About this task:
Which lines run from the one with "KVG Members &" through the end of the data? Retype them exactly, without pictures.

Source data:
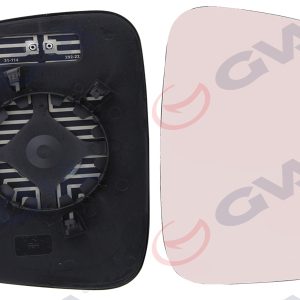 AYNA CAMI SAĞ TRANSPORTER T5 04 ISITMALI KONVEKS VM-373GHR 7H1857522S-7H1857522R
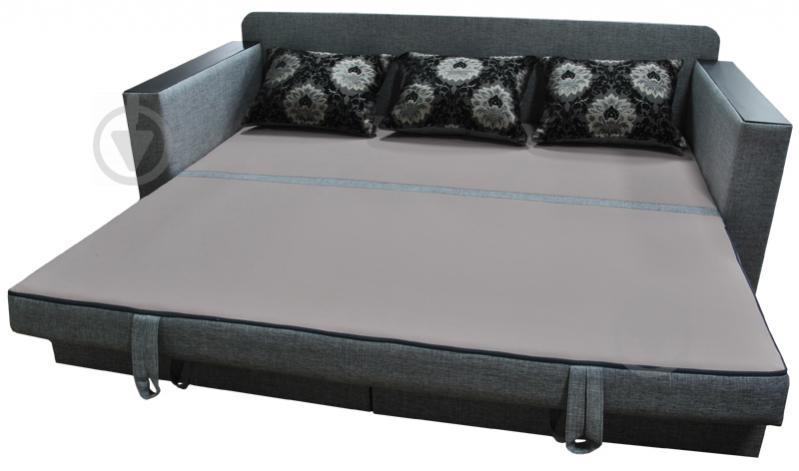 Диван Ribeka Лорд Серый (04D18) - фото 2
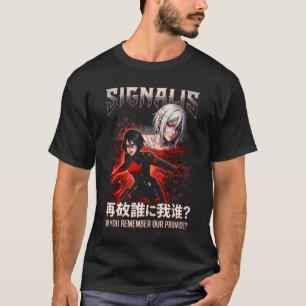 Camiseta Signaliz Elster Réplica STCR 22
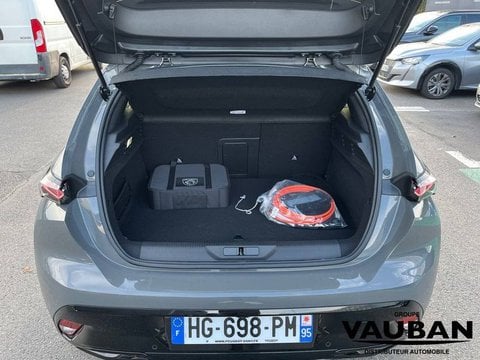 Voitures D'occasion À Osny | Peugeot 308 Iii Plug-In Hybrid 195 Ch E-Dcs7 Gt Exclusive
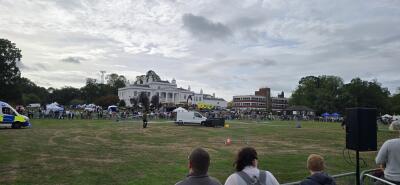 KVG Members & Friends Enjoy a Great Day Out at Thames Valley Police Open Day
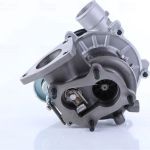 NISSENS Turbolader 93544 NISSENS Turbolader 93544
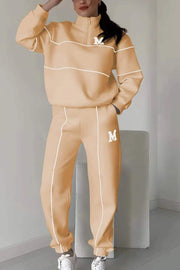 Baggy Fashion Sweatpants With Pockets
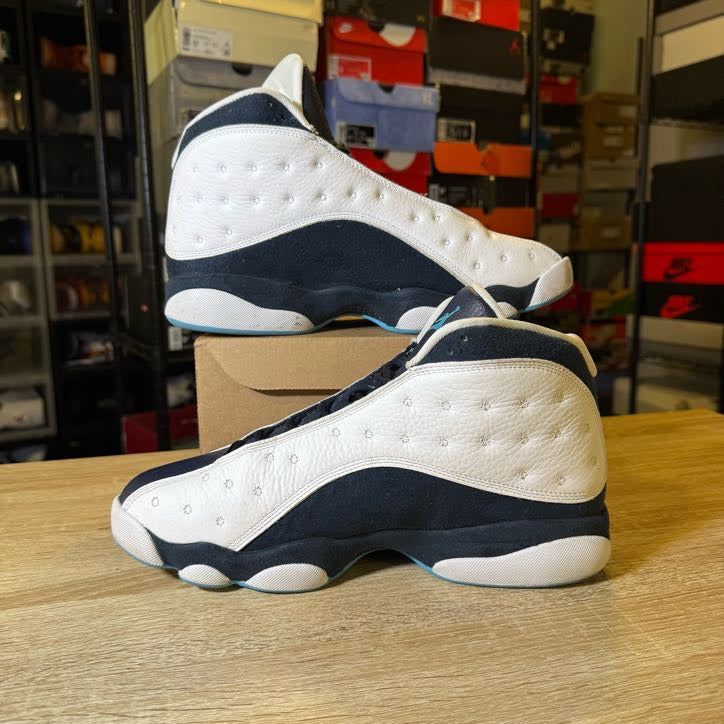Size 10 - AJ 13 Retro Obsidian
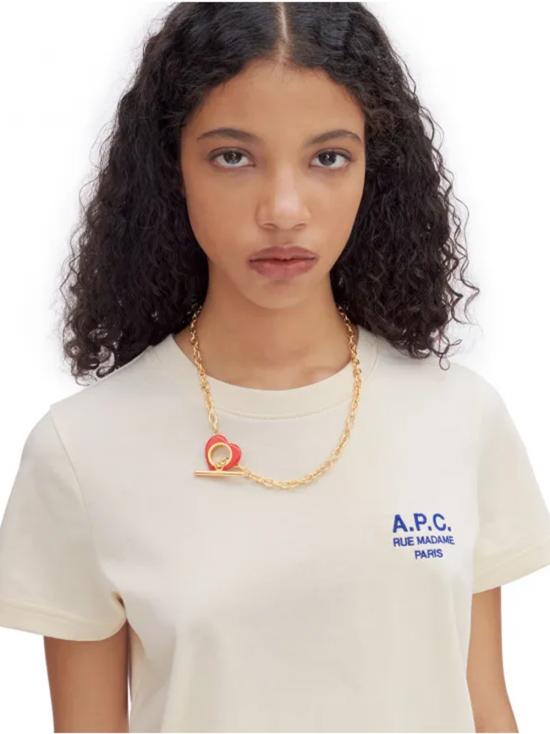  아페쎄 목걸이/팬던트 MEACDF70833 RGA Golden - A.P.C.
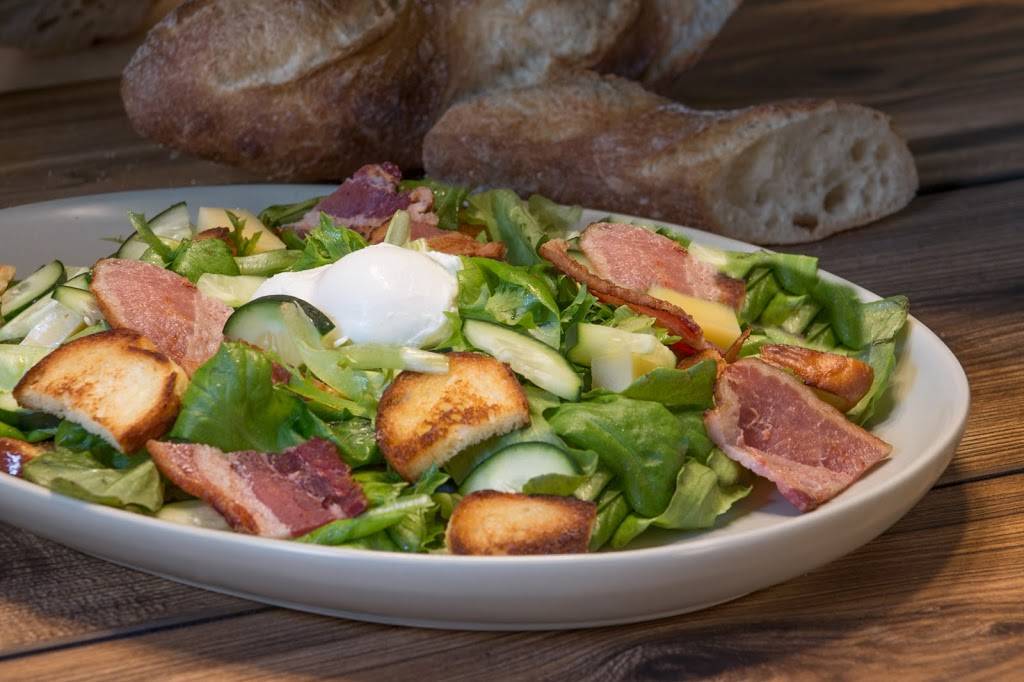 Léa French Street Food | restaurant | 106 N Marion St, Oak Park, IL 60301, USA | 7086135994 OR +1 708-613-5994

Output:
 KVG Members & Friends Enjoy a Great Day Out at Thames Valley Police Open Day
 NISSENS Turbolader 93544 NISSENS Turbolader 93544
 Baggy Fashion Sweatpants With Pockets
Size 10 - AJ 13 Retro Obsidian
  아페쎄 목걸이/팬던트 MEACDF70833 RGA Golden - A.P.C.
 Léa French Street Food | restaurant | 106 N Marion St, Oak Park, IL 60301, USA | 7086135994 OR +1 708-613-5994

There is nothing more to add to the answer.